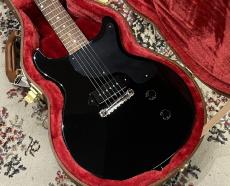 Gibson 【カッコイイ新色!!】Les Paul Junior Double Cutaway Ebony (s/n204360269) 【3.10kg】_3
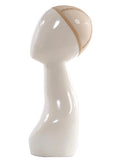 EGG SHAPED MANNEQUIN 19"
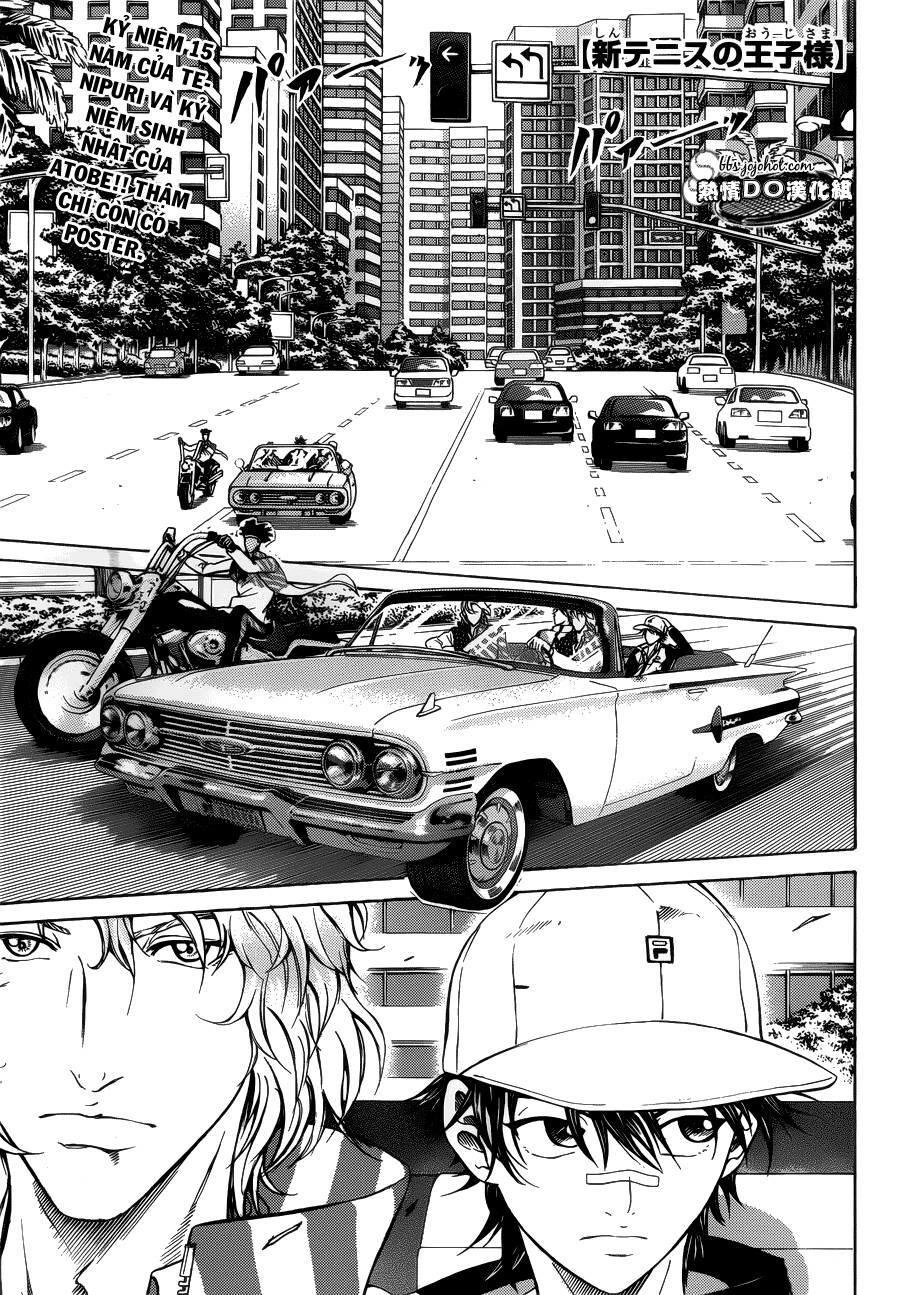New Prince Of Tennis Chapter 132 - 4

**Task to complete**
Copy the data exactly. Any picture it contains is to be omitted.

**Task response**
 Gibson 【カッコイイ新色!!】Les Paul Junior Double Cutaway Ebony (s/n204360269) 【3.10kg】_3
 EGG SHAPED MANNEQUIN 19"
New Prince Of Tennis Chapter 132 - 4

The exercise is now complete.